А в России, между прочим,

быта и в помине нет.

 

Есть борьба за жизнь, при этом

за такую, чтобы светом

выбиться, как из земли

всходы прут, — но с постным видом

муку мученскую бытом

называть — не слишком ли?..

 

Напомним читателю, что на долгие годы ваше творчество было расценено как идущее вразрез с советской идеологией. И первая книга стихов (всего 128 страниц) вышла только в 1976 году. И называлась она символично — «Из трёх тетрадей»…

     

— В общем, сегодняшние отношения в культуре кажутся мне более естественными и нормальными. А плоды — увидим… Я всегда готов был согласиться с высказыванием Чаадаева о том, что деспотизм способствует расцвету искусств, поскольку стимулирует личность на противостояние вызову. Однако лишь до того момента, когда давление «сверху» хотя бы считается с реальностью. Помню разговор с Борисом Слуцким. В ответ на мои чаадаевские философемы он сказал с вызовом: «Я бы хотел дожить до опыта свободы!»

Государство есть материализованная мифология, были организованы целые институты, для того чтобы фальсифицировать, морочить историю. И вдруг какая-нибудь неожиданная справочка или письмецо, попадающее к историку через сорок лет, безжалостно разрушает все прежние ложные доктрины и мотивировки. В этом смысле мы действительно живём в историческое время. Коммунистический режим, при котором вырывались не только цветы культуры, но и выкорчёвывались её корни, был затмением разума, сущим безумием. Вне сомнения. Правда, я не думал, что тоталитарная система со своим уголовным уставом рухнет так быстро, был уверен в том, что не доживу до этого часа. Но вмешалась рука Господня…

Неожиданно я почувствовал, как время стало дробиться, дёргаться в конвульсиях. Сначала оно менялось год от года. Затем — месяц от месяца. Но, когда оно стало неузнаваемо от недели к неделе, когда каждый последующий день уже не был похож на день предыдущий, я понял, что это — болезнь. Не дай Бог, время распадётся, как и то пространство, где мы жили.
    

— Простите, пожалуйста, что перебиваю вас. Ваши слова словно перекликаются c замечанием отца Павла Флоренского, сделанного почти восемьдесят лет назад: «Все времена держатся на закрепках литургических, и, когда религиозные устои распадаются, “время выходит из пазов своих”, по слову Шекспира».

                    

— Этот период очень опасен — маргинал выходит на дорогу. Впрочем, он уже шествует по ней.

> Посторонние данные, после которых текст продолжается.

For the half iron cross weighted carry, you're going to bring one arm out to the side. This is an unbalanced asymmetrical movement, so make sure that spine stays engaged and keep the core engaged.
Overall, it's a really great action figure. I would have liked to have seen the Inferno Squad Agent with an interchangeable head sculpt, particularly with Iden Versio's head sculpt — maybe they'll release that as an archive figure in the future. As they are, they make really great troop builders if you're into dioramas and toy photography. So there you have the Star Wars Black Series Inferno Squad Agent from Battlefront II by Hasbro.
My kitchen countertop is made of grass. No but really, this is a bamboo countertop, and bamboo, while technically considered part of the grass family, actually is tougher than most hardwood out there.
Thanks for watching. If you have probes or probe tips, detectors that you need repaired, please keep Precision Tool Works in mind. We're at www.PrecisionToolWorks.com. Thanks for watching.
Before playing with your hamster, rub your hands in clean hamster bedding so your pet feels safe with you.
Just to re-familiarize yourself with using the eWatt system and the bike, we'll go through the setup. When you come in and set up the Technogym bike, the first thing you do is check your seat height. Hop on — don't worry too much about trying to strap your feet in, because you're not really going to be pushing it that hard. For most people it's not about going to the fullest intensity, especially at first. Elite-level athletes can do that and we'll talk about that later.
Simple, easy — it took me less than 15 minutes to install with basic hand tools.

Но людей светлых всё-таки больше. Просто они не кричат на площадях… Странные вещи: даже то, что проявляется самым диким образом, свидетельствует в пользу человека и ситуации. Например, мало людей в последние годы выходили на митинги. А может быть, и не надо, чтобы население таким образом участвовало в политической жизни страны? Было бы вовсе не плохо, на мой взгляд, если бы профессионализм политиков не доводил народ до состояния, характерного для новгородского вече. Ведь при вечевом сходе всегда побеждает демагог или тот, кто умеет красиво говорить. Всегда появляется какой-нибудь Троцкий, увлекающий толпу. А человек ничего так не любит, как простые решения. Это всеобщая слабость. В том числе и умных людей. Резолюцию кто-то уже подготовил, думать не надо, всё решается поднятием руки. Я этого страшно боюсь. Поэтому так важна сложно разработанная система культурных механизмов. Да любое присуждение премии, любая издательская программа кроме первичных посылок должны проходить через сито культурных отношений. Наличие разных точек зрения, дискуссия мировоззрений необычайно полезны. Это стимулирует мысль! Необходима игра ума — в этом и есть живость творчества!..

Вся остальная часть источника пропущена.